● DATASET SECTION
┄┄┄┄┄┄┄┄┄┄

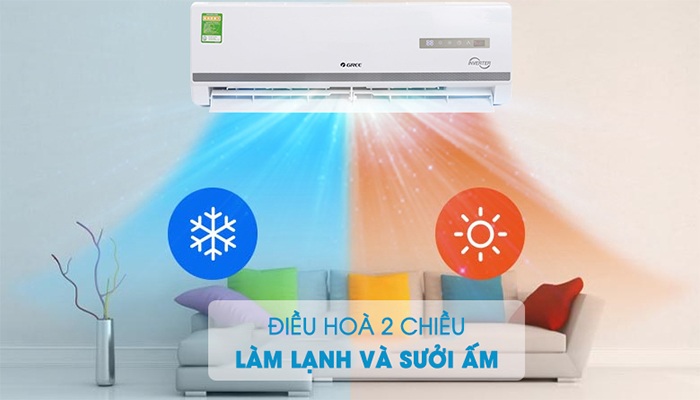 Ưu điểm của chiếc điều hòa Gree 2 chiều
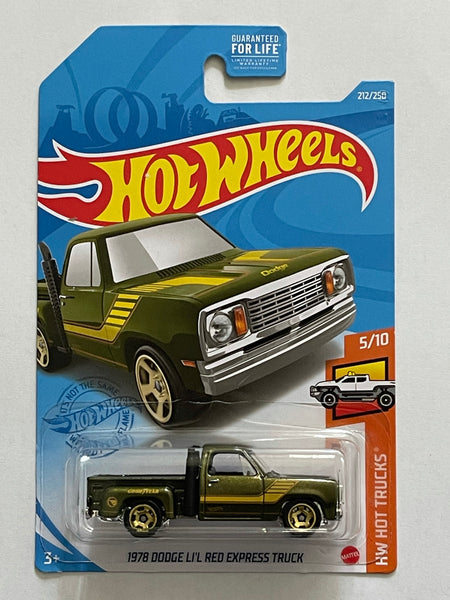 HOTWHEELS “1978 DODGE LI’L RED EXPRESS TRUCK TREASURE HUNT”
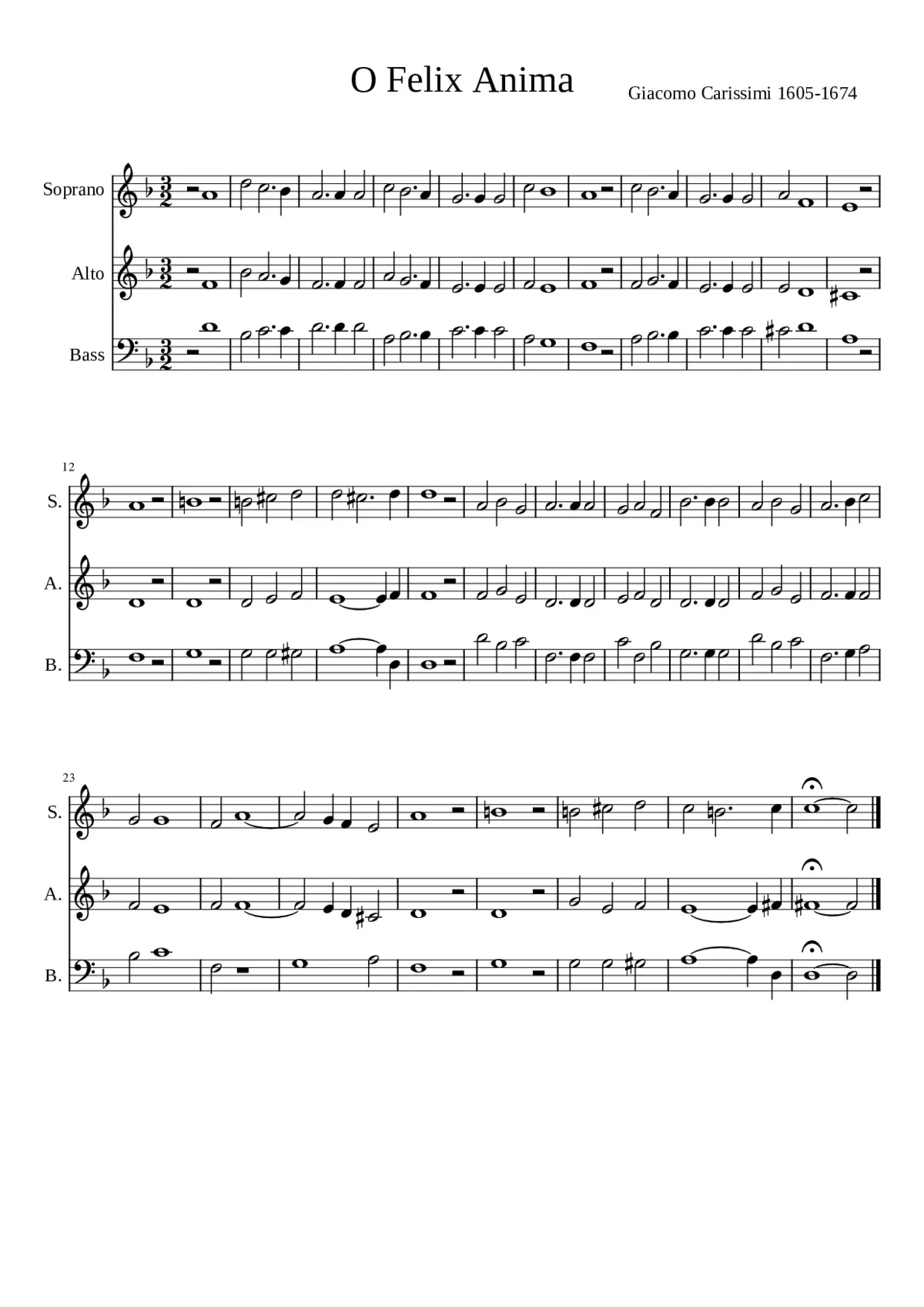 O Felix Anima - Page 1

┄┄┄┄┄┄┄┄┄┄

● WHAT IS REQUIRED
Drop the pictures; repeat the listing above exactly.

● FINISHED EXERCISE
 Ưu điểm của chiếc điều hòa Gree 2 chiều
 HOTWHEELS “1978 DODGE LI’L RED EXPRESS TRUCK TREASURE HUNT”
 O Felix Anima - Page 1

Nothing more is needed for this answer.